Start of AVAILABLE RECORDS
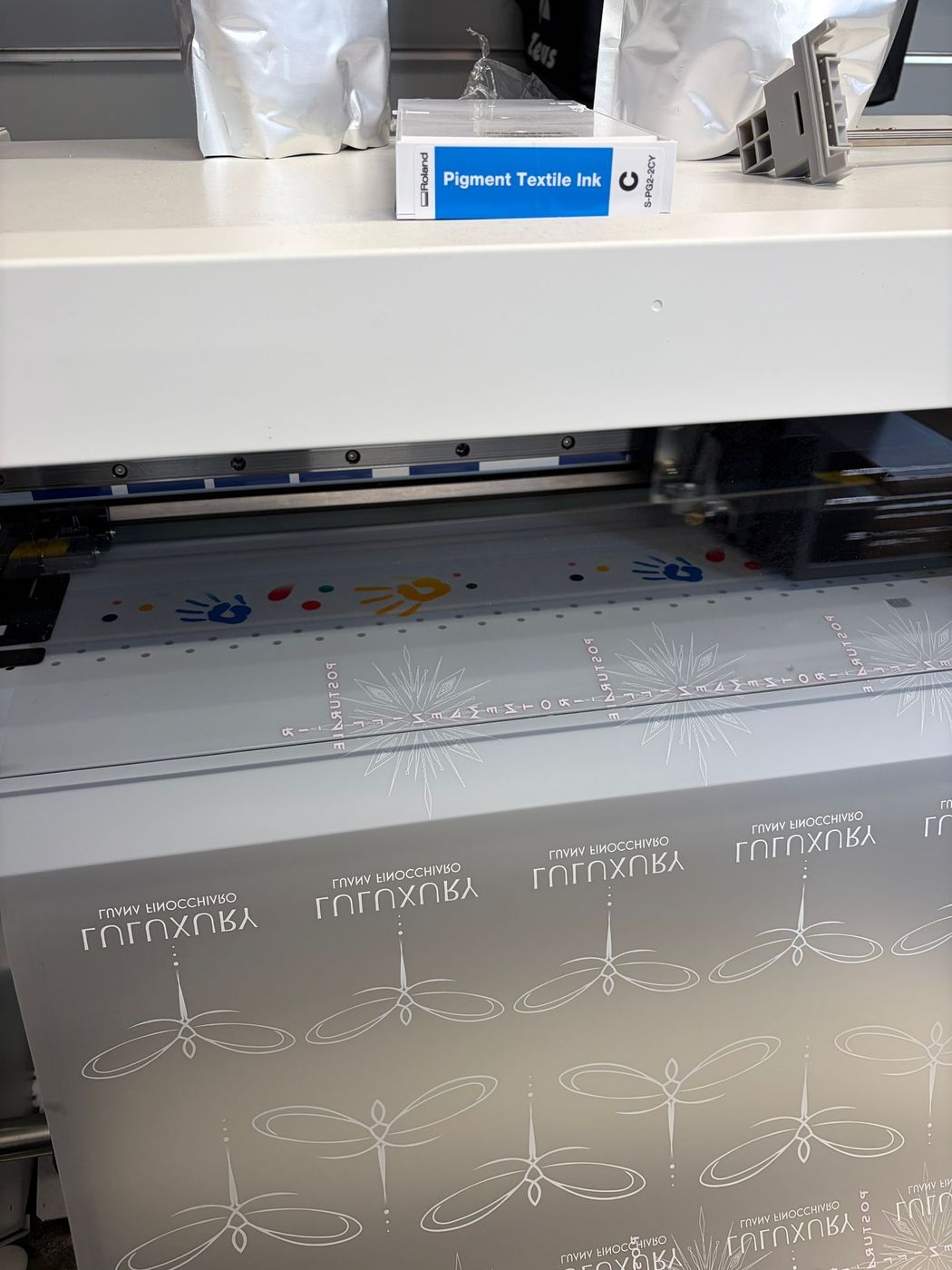 Una stampante 3D in un'officina, intenta a stampare un foglio grigio con un motivo a rilievo sotto la testina di stampa.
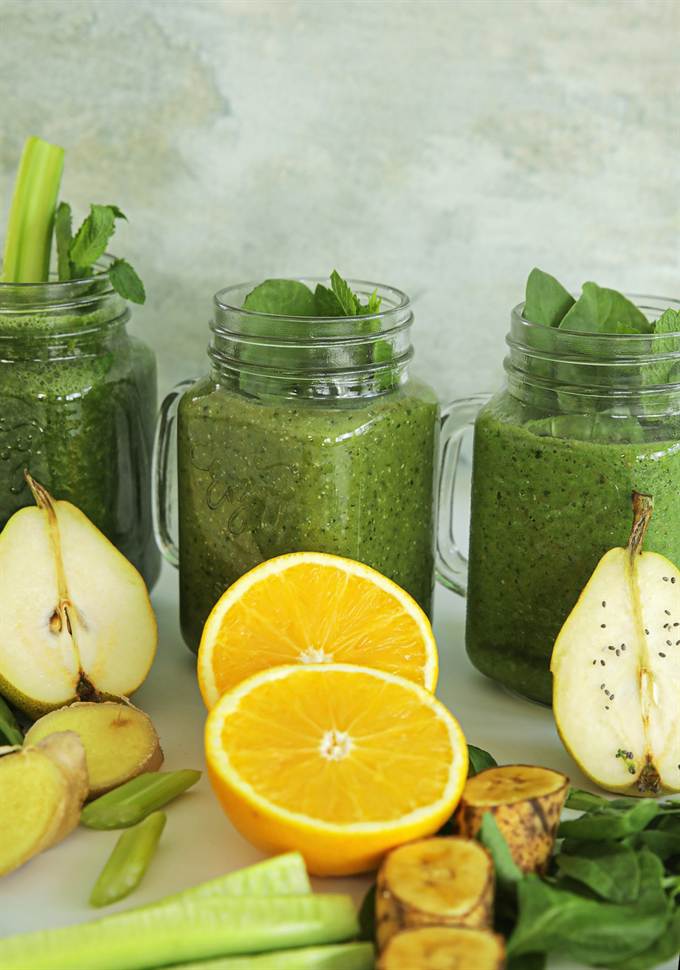 Potes de suco natural ao lado de frutas e legumes frescos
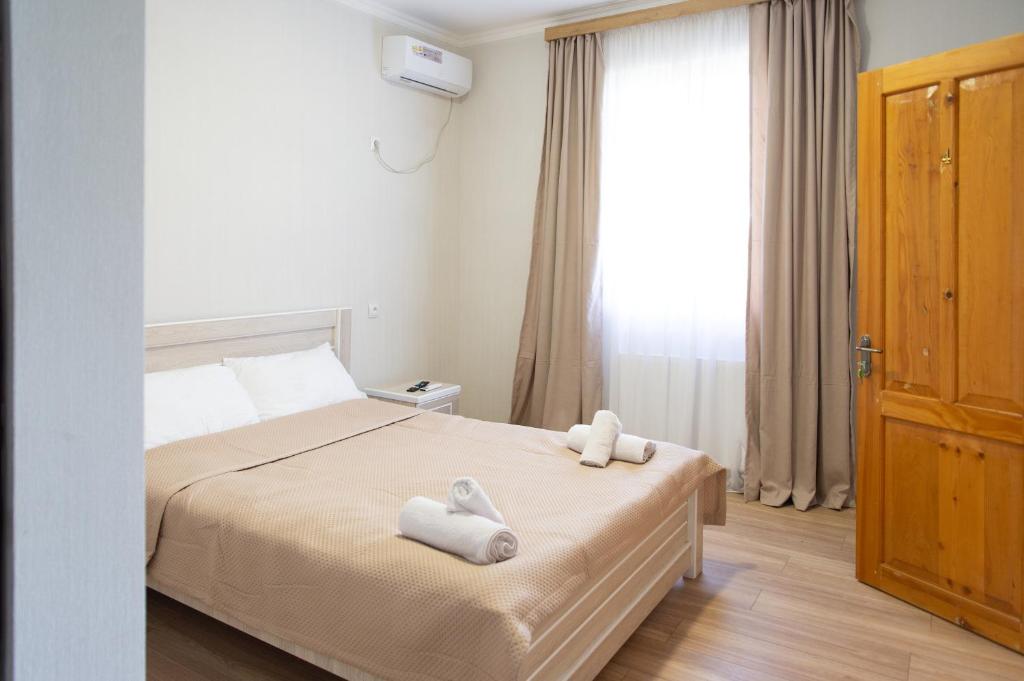 Postel nebo postele na pokoji v ubytování Hotel Veranda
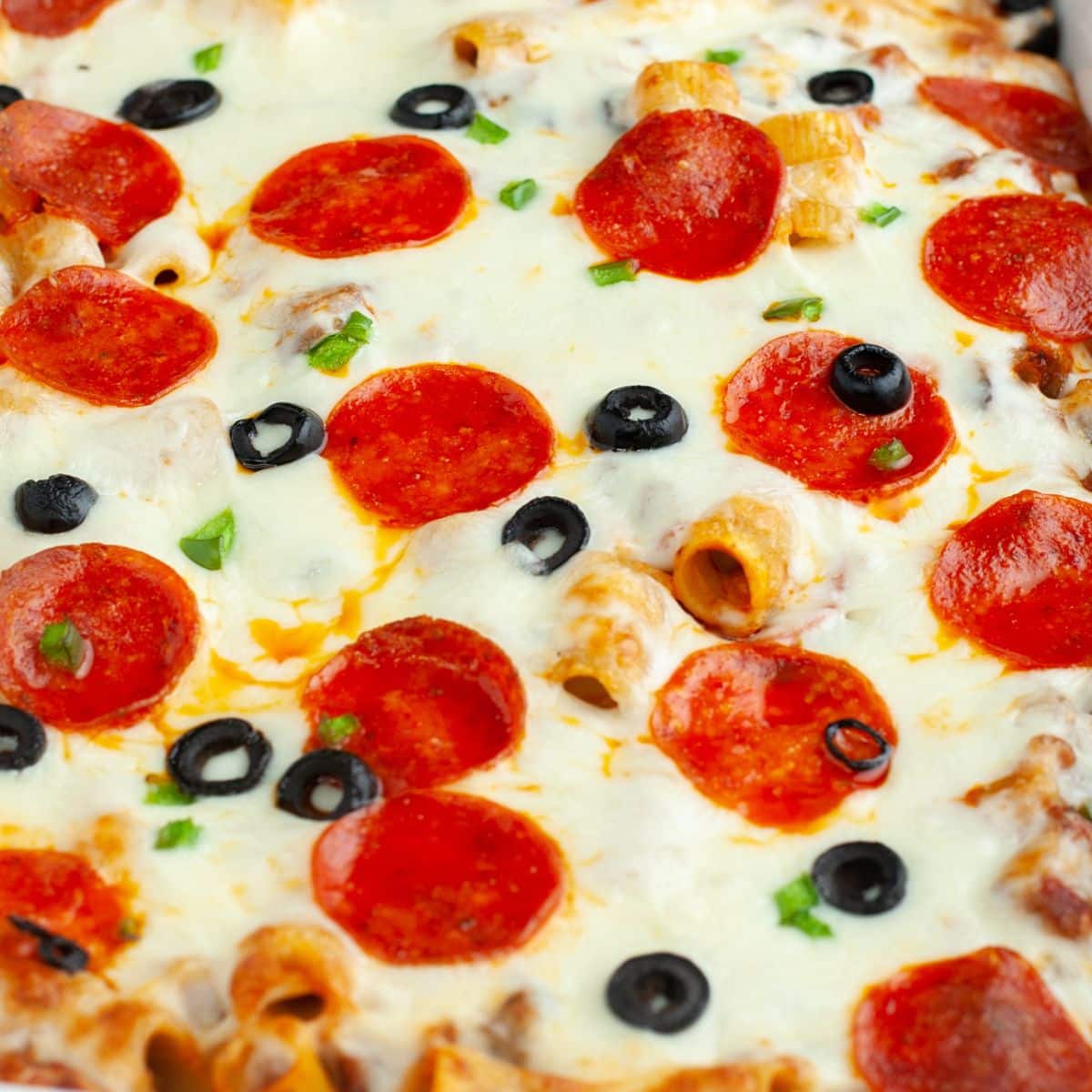 Pizza casserole with pepperoni, olives, and peppers. 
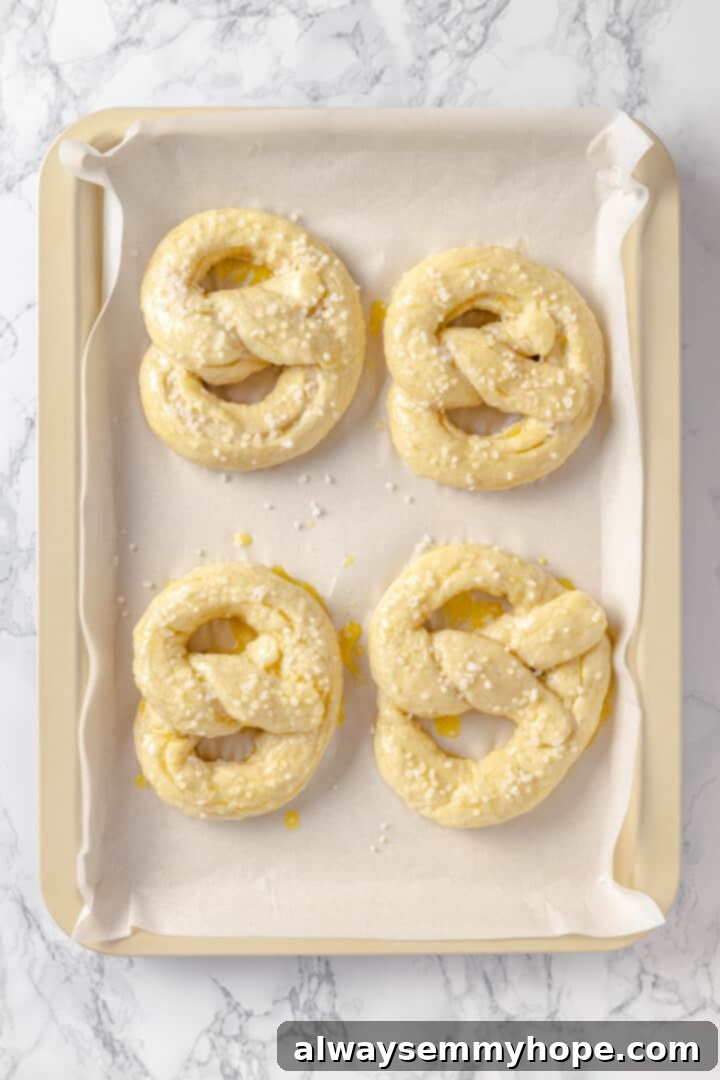 This soft pretzel recipe is fun to make and the results are outstanding—chewy, buttery, and perfect to serve with your fave dipping sauce! Overhead view of unbaked soft pretzels on sheet pan after adding salt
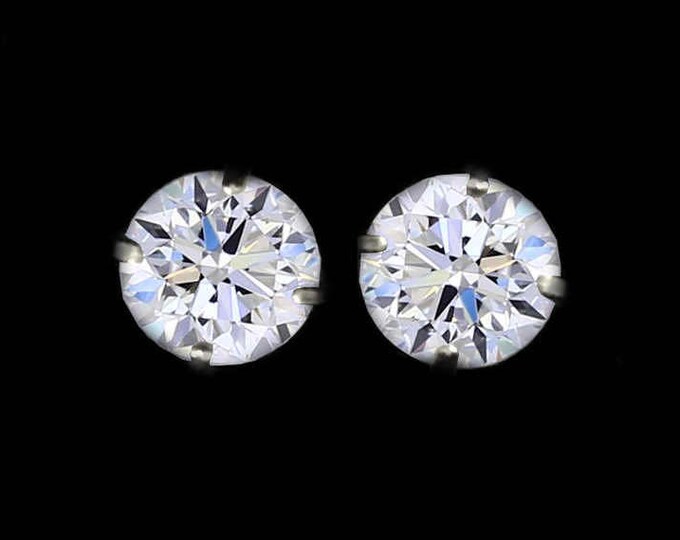 A Pair of Internally Flawless Round Brilliant Diamond Earrings By C. L. Lewis / Screw-Backs (0.50 TCW)(VG-G+GIA Diamond Dossier's)#C76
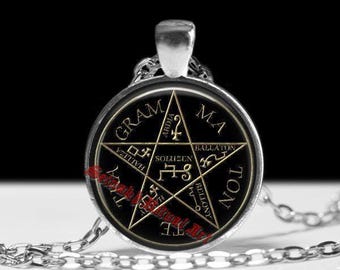 May include: A silver-toned pendant necklace featuring a black circular charm with a gold pentagram design and inscribed text. The pendant hangs from a silver chain, set against a white surface.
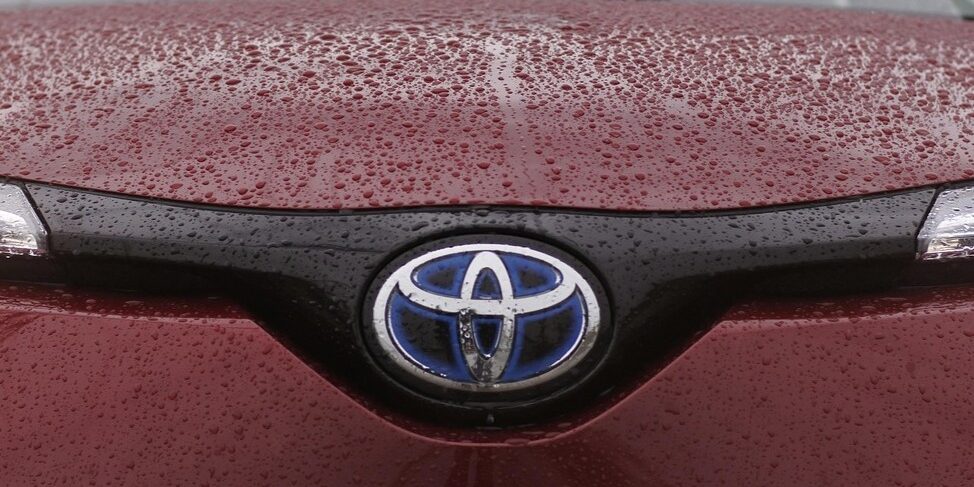 Toyota-logo op een rode auto met regendruppels, symbool van innovatie en betrouwbaarheid – toyota weetjes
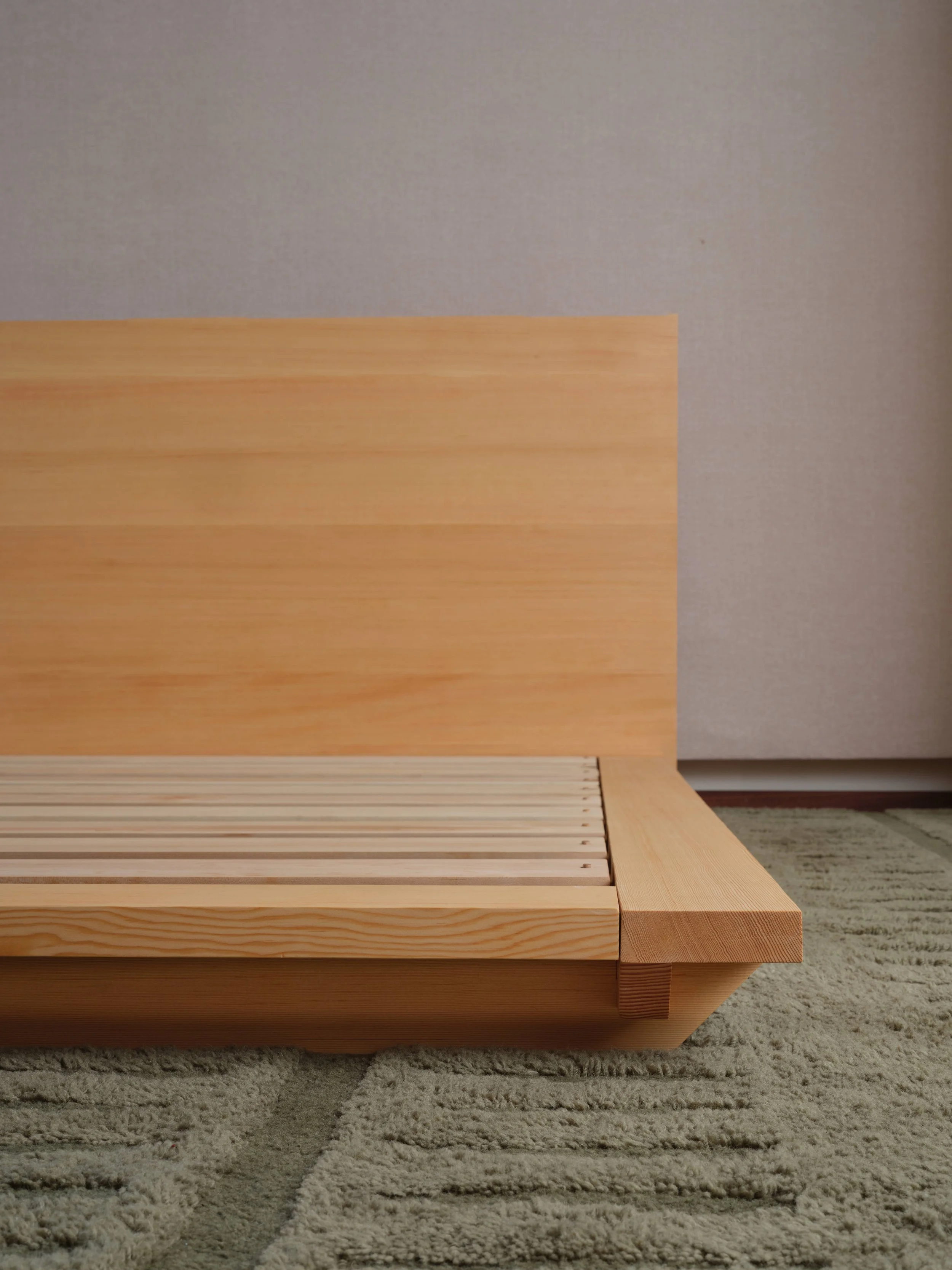 Wooden bed frame with a headboard, placed on a concrete floor against a plain white wall.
End of AVAILABLE RECORDS
## [AIM OF THE TASK]
Leave the pictures aside and give every entry above again word for word.

## [OUTPUT BELOW]
 Una stampante 3D in un'officina, intenta a stampare un foglio grigio con un motivo a rilievo sotto la testina di stampa.
 Potes de suco natural ao lado de frutas e legumes frescos
 Postel nebo postele na pokoji v ubytování Hotel Veranda
 Pizza casserole with pepperoni, olives, and peppers. 
 This soft pretzel recipe is fun to make and the results are outstanding—chewy, buttery, and perfect to serve with your fave dipping sauce! Overhead view of unbaked soft pretzels on sheet pan after adding salt
 A Pair of Internally Flawless Round Brilliant Diamond Earrings By C. L. Lewis / Screw-Backs (0.50 TCW)(VG-G+GIA Diamond Dossier's)#C76
 May include: A silver-toned pendant necklace featuring a black circular charm with a gold pentagram design and inscribed text. The pendant hangs from a silver chain, set against a white surface.
 Toyota-logo op een rode auto met regendruppels, symbool van innovatie en betrouwbaarheid – toyota weetjes
 Wooden bed frame with a headboard, placed on a concrete floor against a plain white wall.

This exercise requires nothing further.